Exercise brief: The pictures are to be left out when the listing below is reproduced word for word.

──────── Records for processing

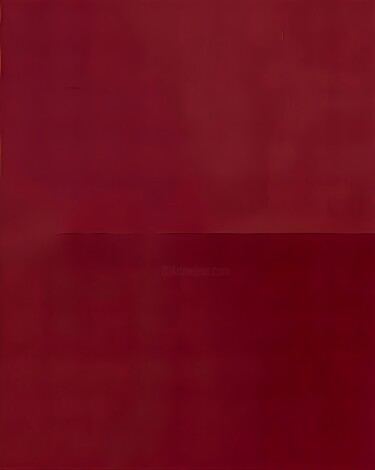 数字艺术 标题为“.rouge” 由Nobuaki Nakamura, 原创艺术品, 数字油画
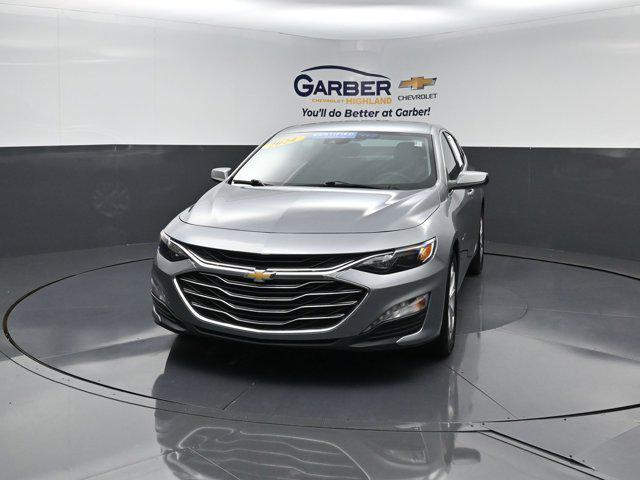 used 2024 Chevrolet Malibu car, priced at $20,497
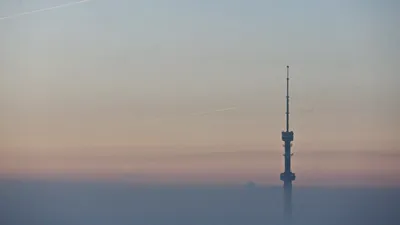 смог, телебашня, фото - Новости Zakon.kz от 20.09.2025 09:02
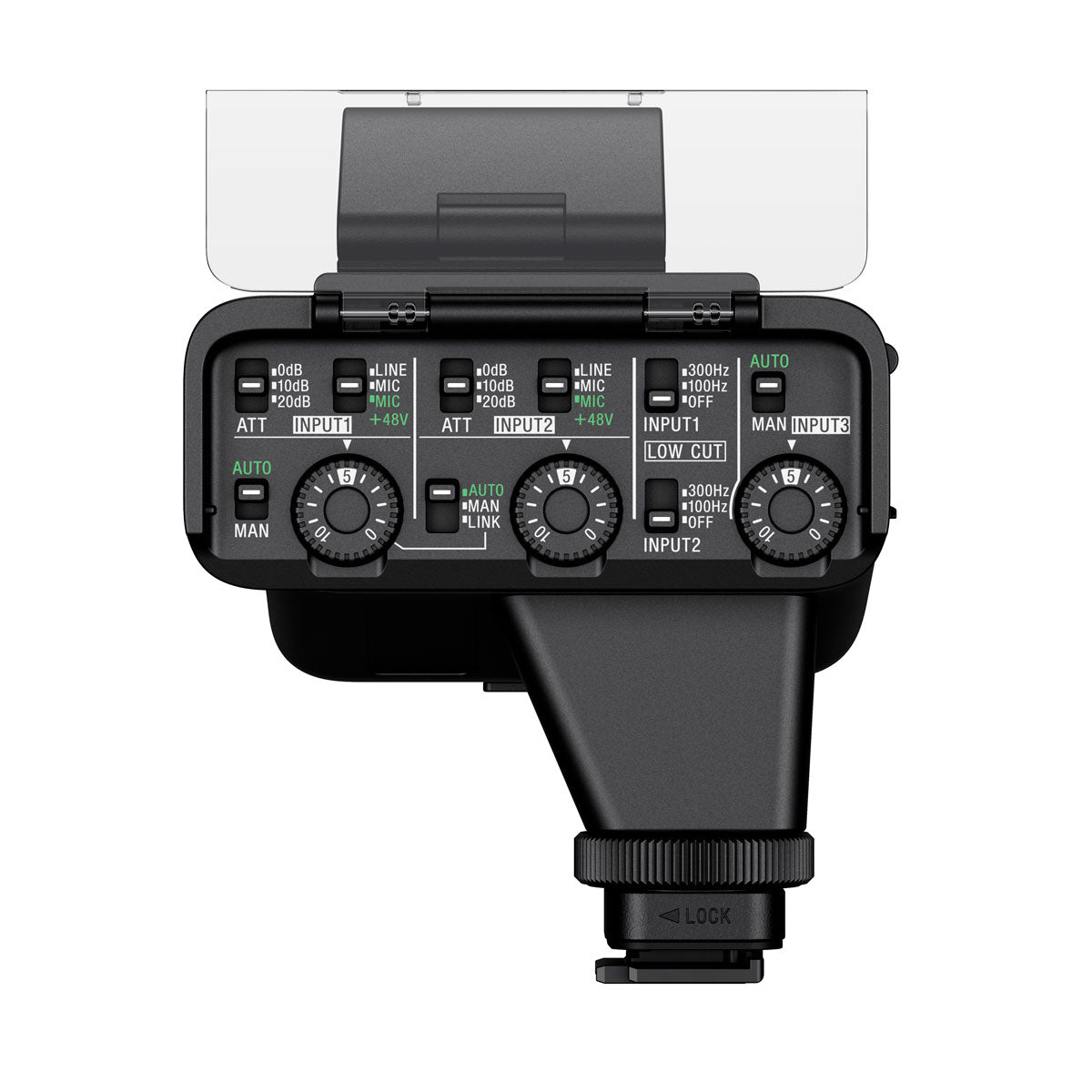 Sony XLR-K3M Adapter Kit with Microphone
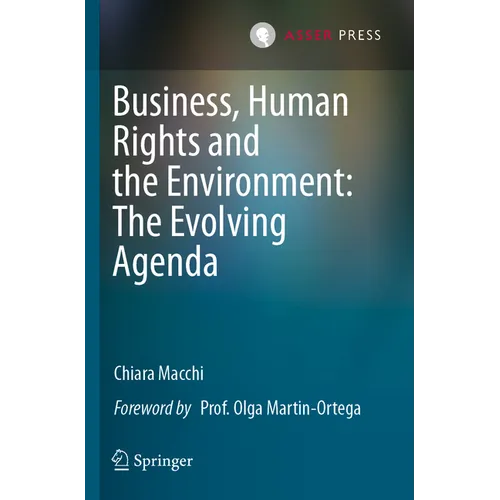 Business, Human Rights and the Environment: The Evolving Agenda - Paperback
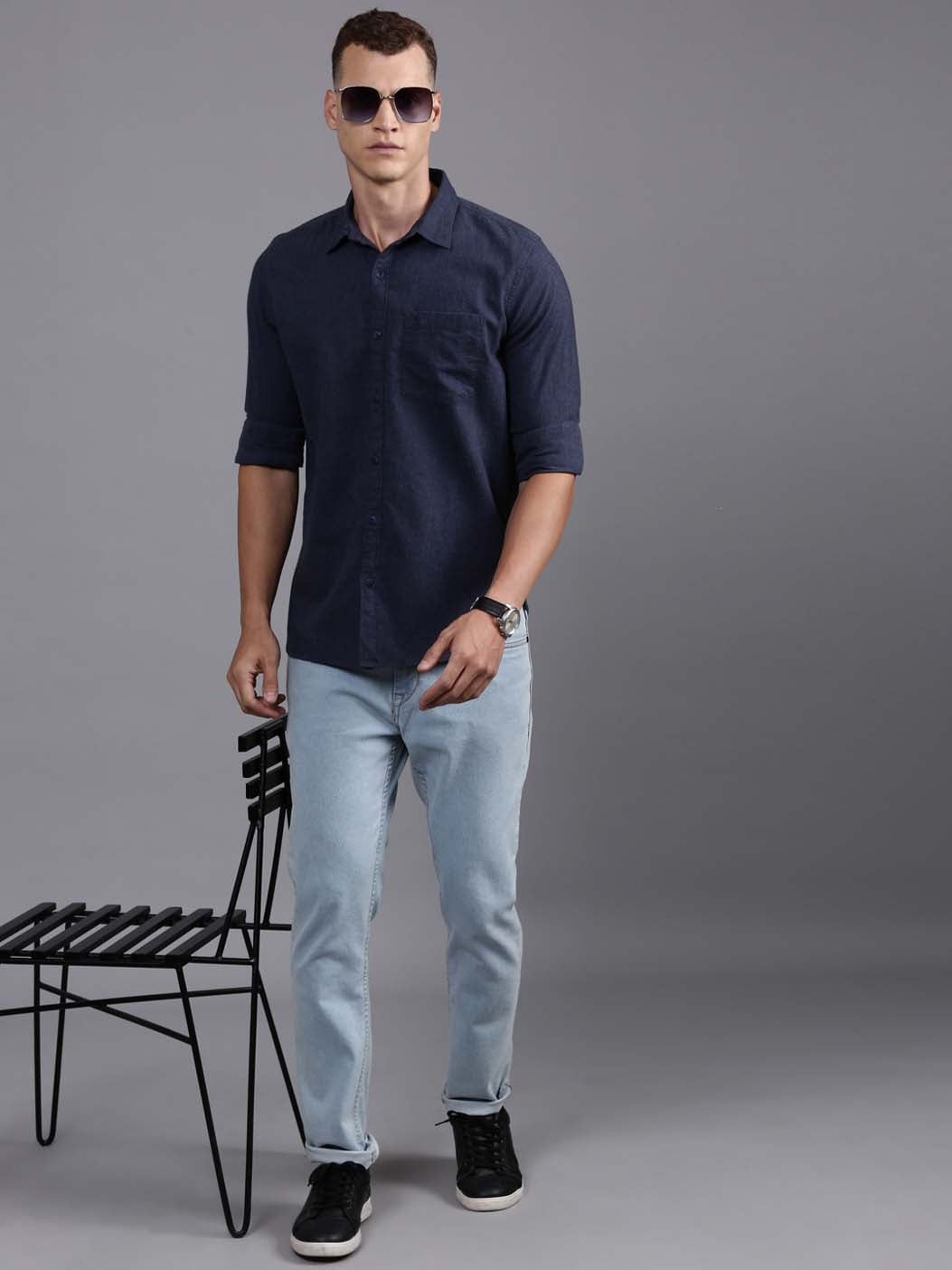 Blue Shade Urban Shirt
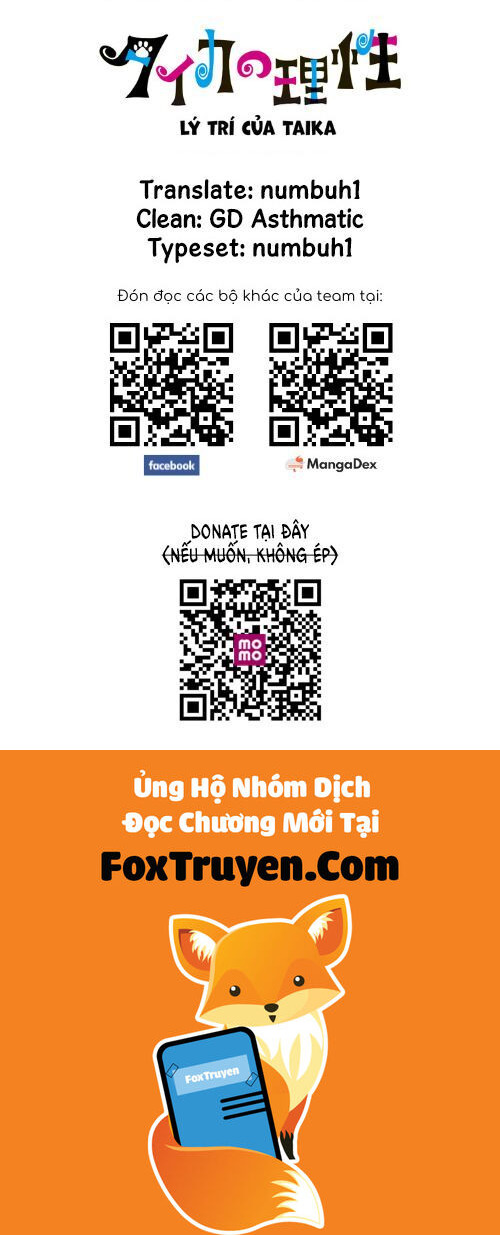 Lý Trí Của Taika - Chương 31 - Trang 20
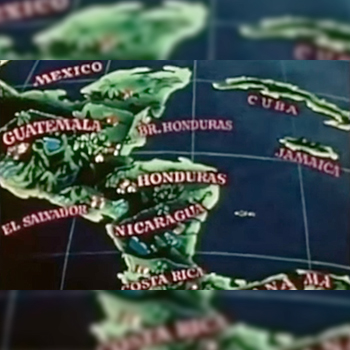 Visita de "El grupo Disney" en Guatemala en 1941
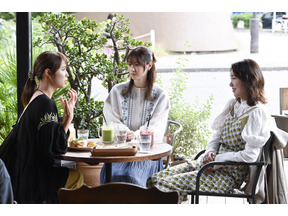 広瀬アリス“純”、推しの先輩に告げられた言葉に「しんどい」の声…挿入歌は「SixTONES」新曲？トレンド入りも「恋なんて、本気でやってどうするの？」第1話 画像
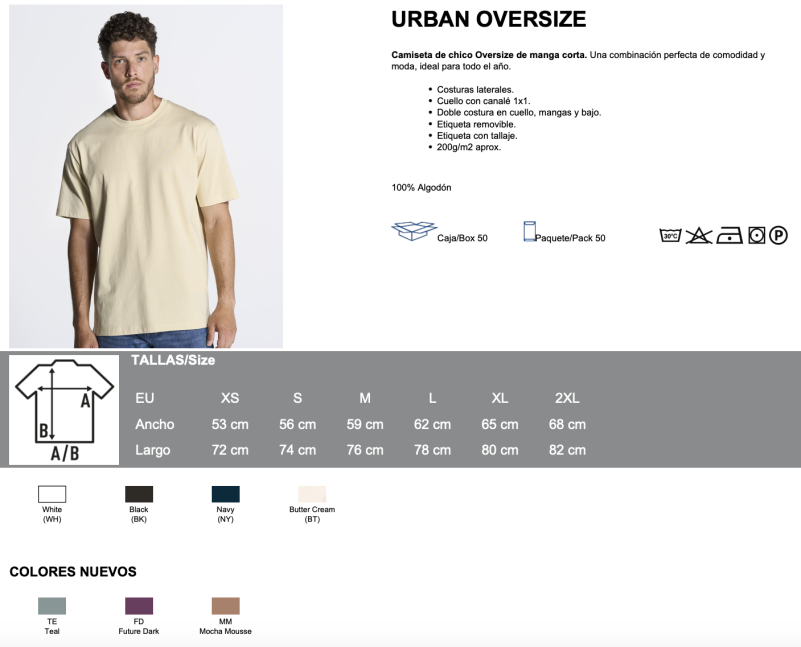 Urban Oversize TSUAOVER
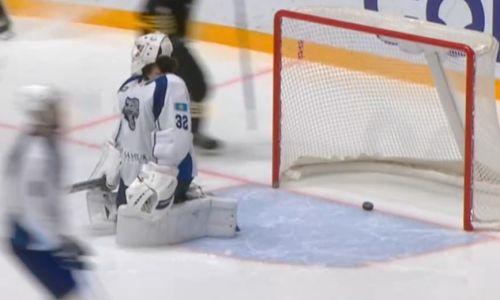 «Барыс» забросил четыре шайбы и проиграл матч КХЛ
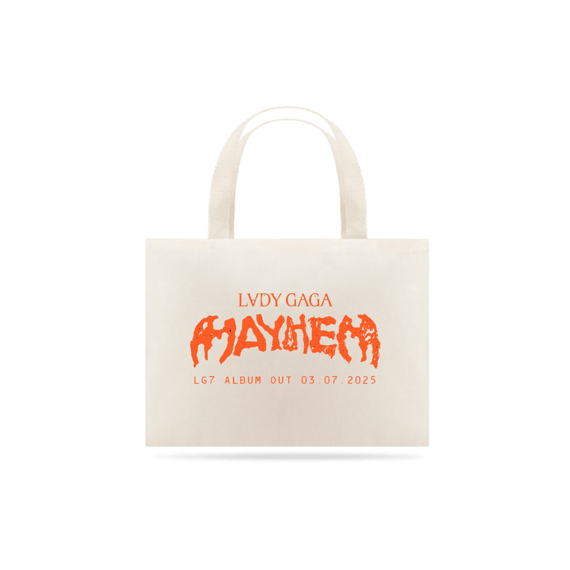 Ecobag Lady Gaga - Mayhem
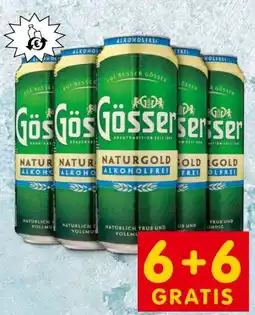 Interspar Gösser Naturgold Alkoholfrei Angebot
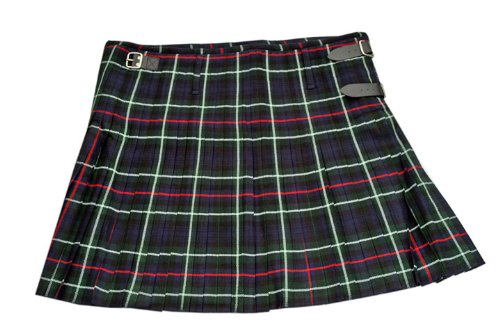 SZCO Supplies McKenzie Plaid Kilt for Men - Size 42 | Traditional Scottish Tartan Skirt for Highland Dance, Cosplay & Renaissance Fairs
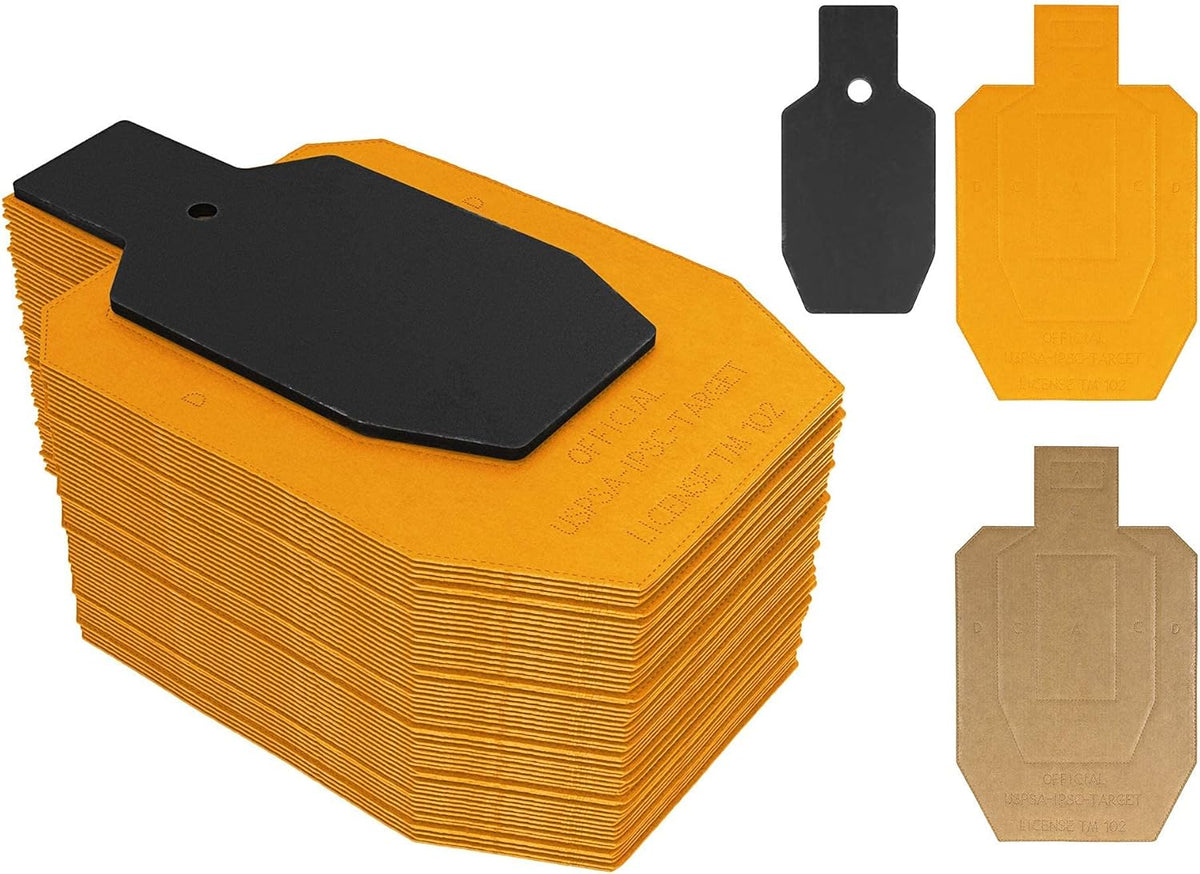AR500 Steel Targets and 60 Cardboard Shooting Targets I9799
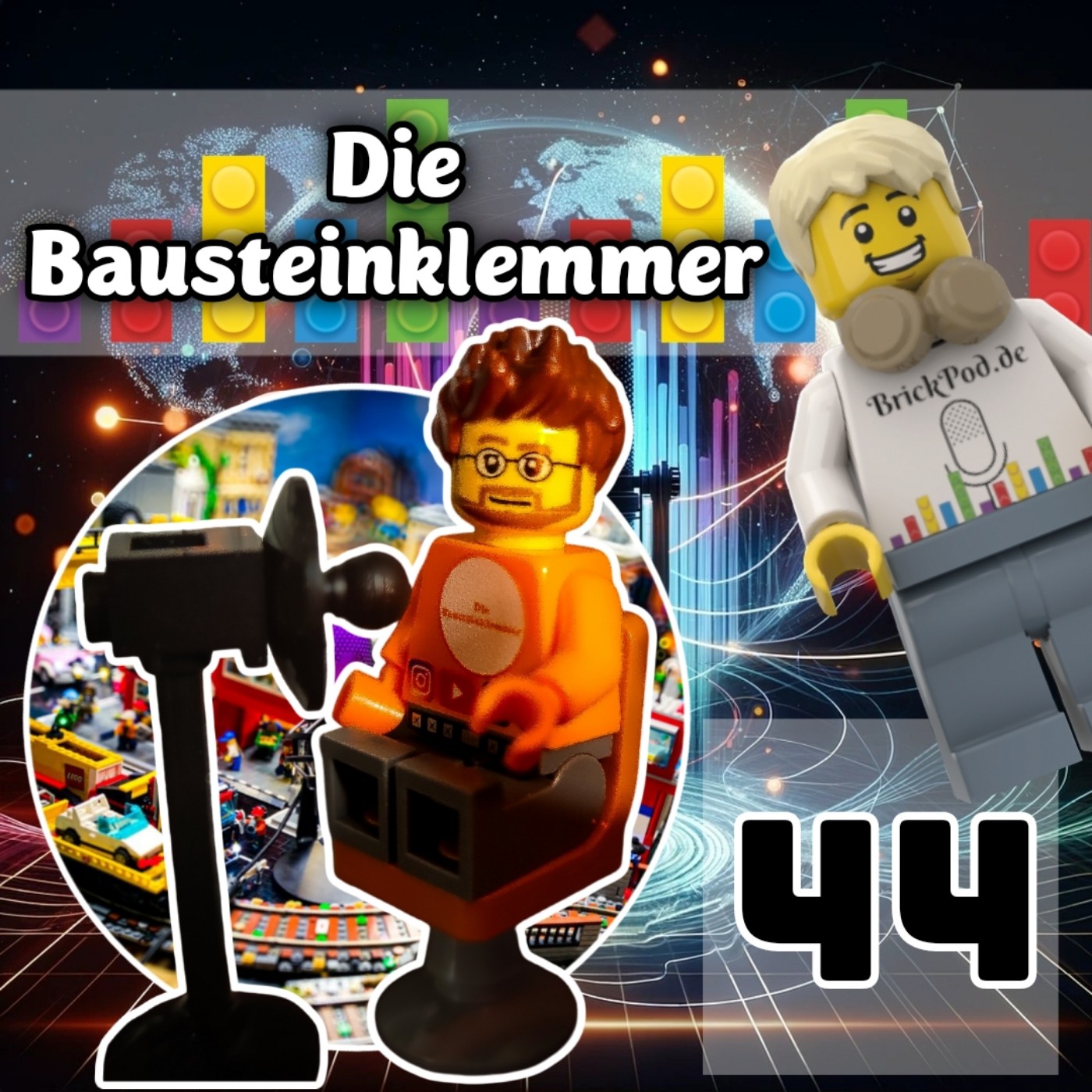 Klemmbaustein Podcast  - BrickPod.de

────────────────

Solution for this task:
 数字艺术 标题为“.rouge” 由Nobuaki Nakamura, 原创艺术品, 数字油画
 used 2024 Chevrolet Malibu car, priced at $20,497
 смог, телебашня, фото - Новости Zakon.kz от 20.09.2025 09:02
 Sony XLR-K3M Adapter Kit with Microphone
 Business, Human Rights and the Environment: The Evolving Agenda - Paperback
 Blue Shade Urban Shirt
 Lý Trí Của Taika - Chương 31 - Trang 20
 Visita de "El grupo Disney" en Guatemala en 1941
 広瀬アリス“純”、推しの先輩に告げられた言葉に「しんどい」の声…挿入歌は「SixTONES」新曲？トレンド入りも「恋なんて、本気でやってどうするの？」第1話 画像
 Urban Oversize TSUAOVER
 «Барыс» забросил четыре шайбы и проиграл матч КХЛ
 Ecobag Lady Gaga - Mayhem
 Interspar Gösser Naturgold Alkoholfrei Angebot
 SZCO Supplies McKenzie Plaid Kilt for Men - Size 42 | Traditional Scottish Tartan Skirt for Highland Dance, Cosplay & Renaissance Fairs
AR500 Steel Targets and 60 Cardboard Shooting Targets I9799
 Klemmbaustein Podcast  - BrickPod.de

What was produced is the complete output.